FATAL DISCORD
Erasmus, Luther and the Fight for the Western Mind
By Michael Massing
Illustrated. 976 pp. Harper. $45.
Often the best way to understand opposing viewpoints is to imagine the proponents in dialogue. How would Euripides have responded to Plato, his Athenian contemporary, concerning the philosopher’s banishing poets from his utopia? Or picture George Eliot cornering Arthur Schopenhauer to challenge his argument that women are unsuited for artistic and intellectual greatness. The history of ideas is filled with pairs of contemporary minds who missed the opportunity to confront each other point blank, leaving us to dream up hypothetical exchanges.
But sometimes our imaginations aren’t necessary. Desiderius Erasmus and Martin Luther, though they never met in person, were articulate in their assessments of each other. In their disdain for the power-hungry abuses of the church, the grotesque superstitions it encouraged in the laity and the equally grotesque scholasticism it encouraged in the era’s theologians, they might have been natural allies; instead they became implacable foes. Each, in opposing the other, clarified his own point of view. In the process, the two great reformist movements of their day — the Renaissance, embodied in Erasmus, and the Reformation, embodied in Luther — were torn asunder. Michael Massing’s riveting “Fatal Discord: Erasmus, Luther and the Fight for the Western Mind” is devoted to this fateful parting of ways.

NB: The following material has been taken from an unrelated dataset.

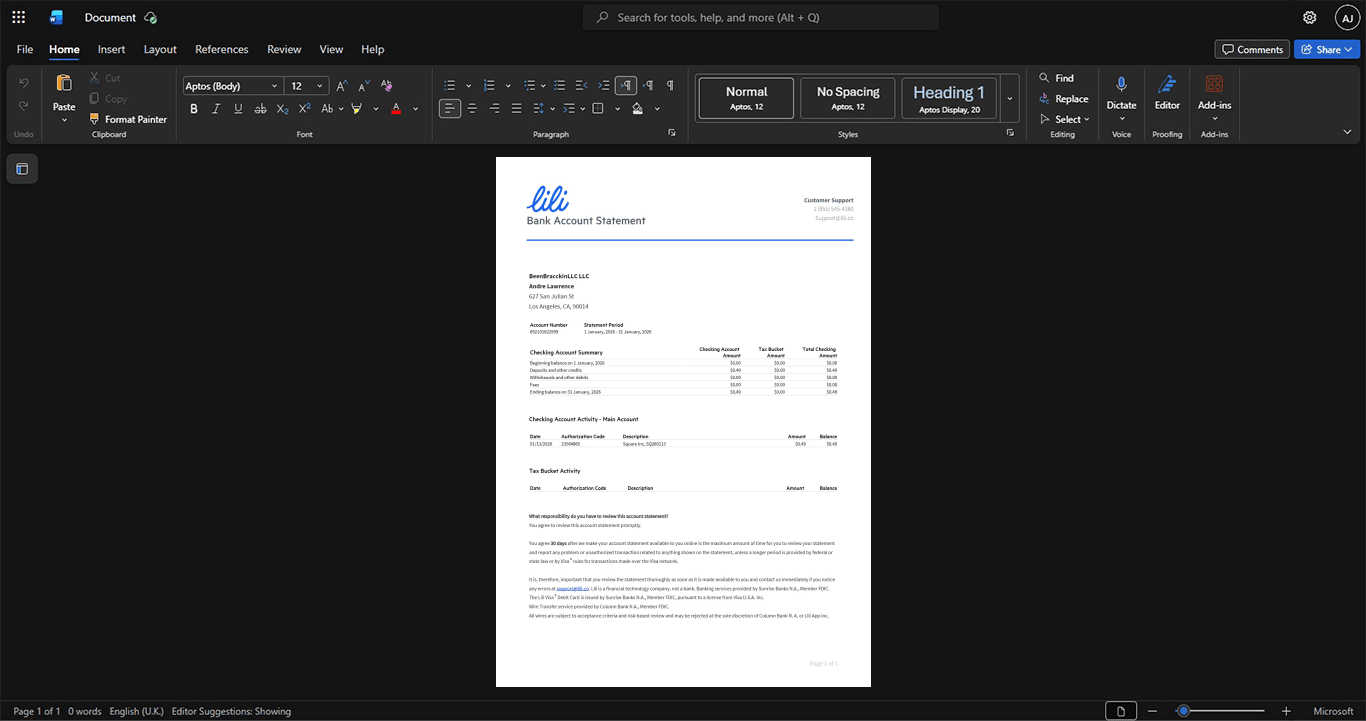 USA Sunrise Banks N A Bank Statement Template, Blank template in Word and PDF format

Last year, which saw the 500th anniversary of Luther’s posting of his 95 Theses attacking the church for its profit-making excesses, produced a stack of books to mark the occasion. But as far as I know, “Fatal Discord” is alone in addressing Luther by way of his relationship with Erasmus. It’s an inspired approach, and Massing, a journalist, has produced a sprawling narrative around the rift between the two men, laying out the sociological, political and economic factors that shaped both them and Europe’s responses to them, and tracing their theological disputes back to the earliest days of Christianity. Though a massive amount of material is marshaled, Massing’s journalistic skills keep the story line crisply coherent.
Massing’s book begins with chapters alternating equitably between the two men. However, Luther — obdurate and reckless, bilious and doctrinaire — eventually swamps the book, as he eventually swamped the urbane and ironic man of letters. The Christianity that Erasmus advocated — eschewing the finer points of metaphysics in favor of the humility, simplicity and charity he saw in Jesus of Nazareth — was overpowered by Luther’s conviction that the Word of God, revealed in Scripture, speaks unambiguously on all doctrinal matters, no matter how abstruse. For Luther, who as a young monk had suffered from Anfechtungen (his word for the terror and despair at the thought that God would momentarily be judging him and find him failing), only apodictic certitude would do.